• Work request:
Exclude the pictures, and otherwise reproduce the data in full.

═════ Provided records

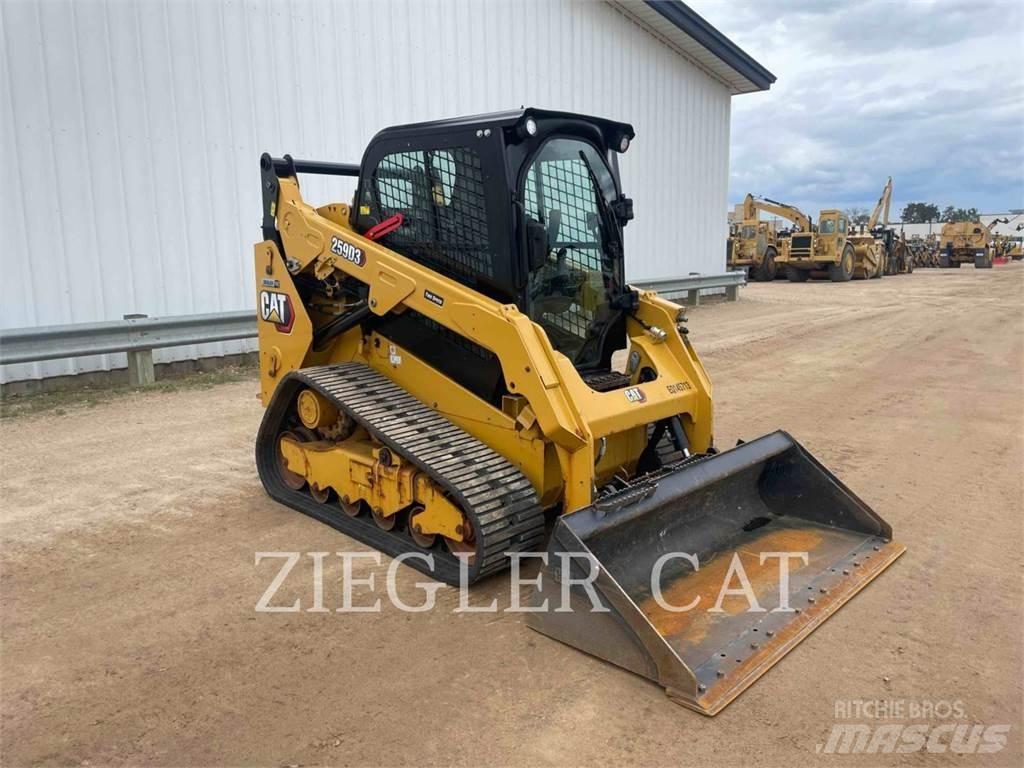 CAT 259D3 Kāpurķēžu iekrāvēji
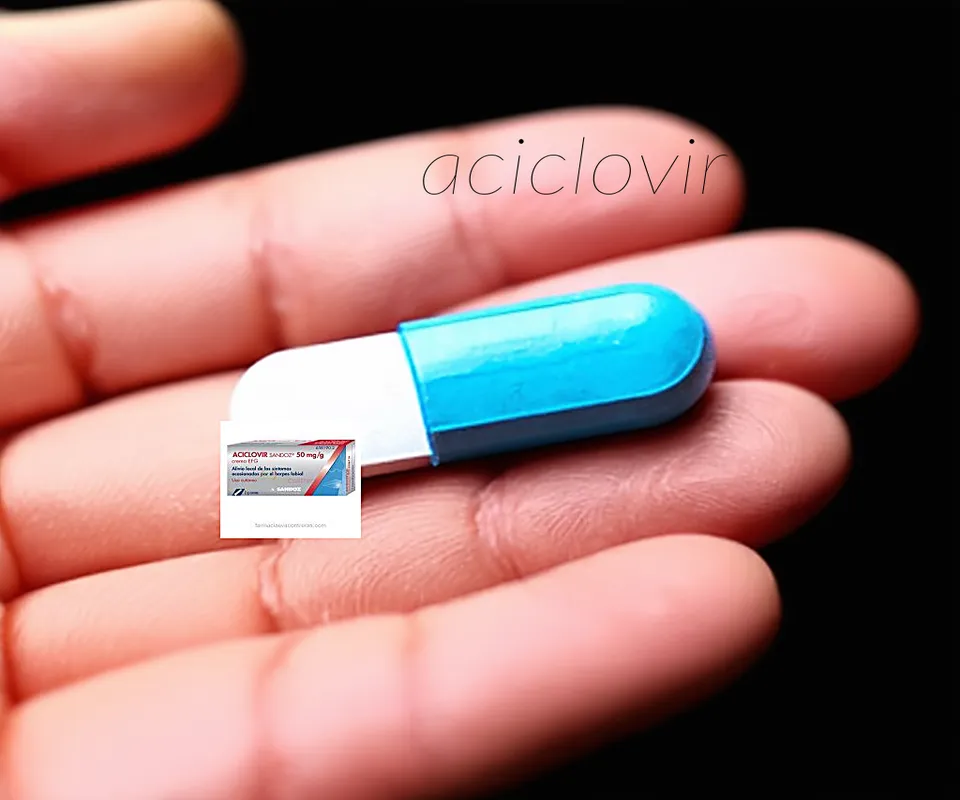 Aciclovir comprimidos es de venta libre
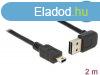 DeLock EASY-USB 2.0 Type-A male angled up / down > USB 2.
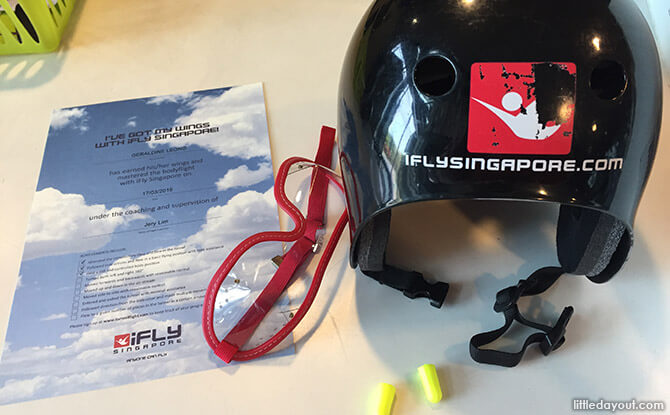 Skydiving Certificate at iFly Singapore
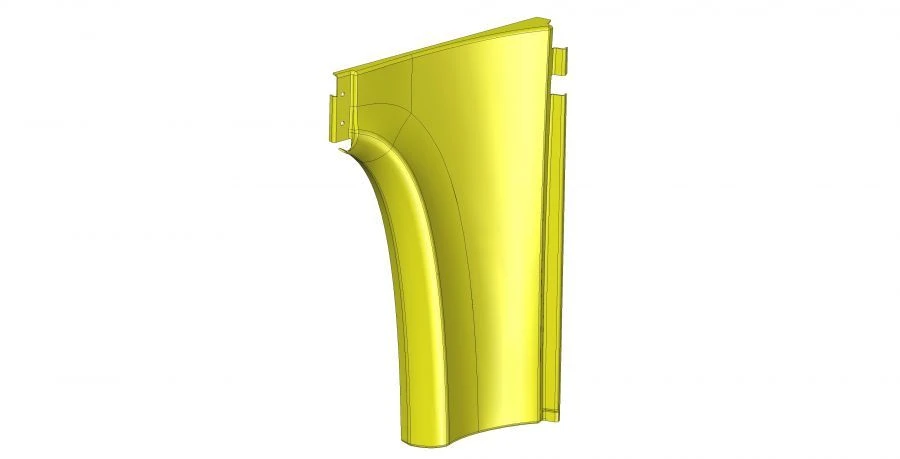 Upper Rear Interior Partition Panel for LIАЗ (Component No. 529220-7802351-60)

══════════

• Solution for this exercise:
 CAT 259D3 Kāpurķēžu iekrāvēji
 Aciclovir comprimidos es de venta libre
 DeLock EASY-USB 2.0 Type-A male angled up / down > USB 2.
 Skydiving Certificate at iFly Singapore
 Upper Rear Interior Partition Panel for LIАЗ (Component No. 529220-7802351-60)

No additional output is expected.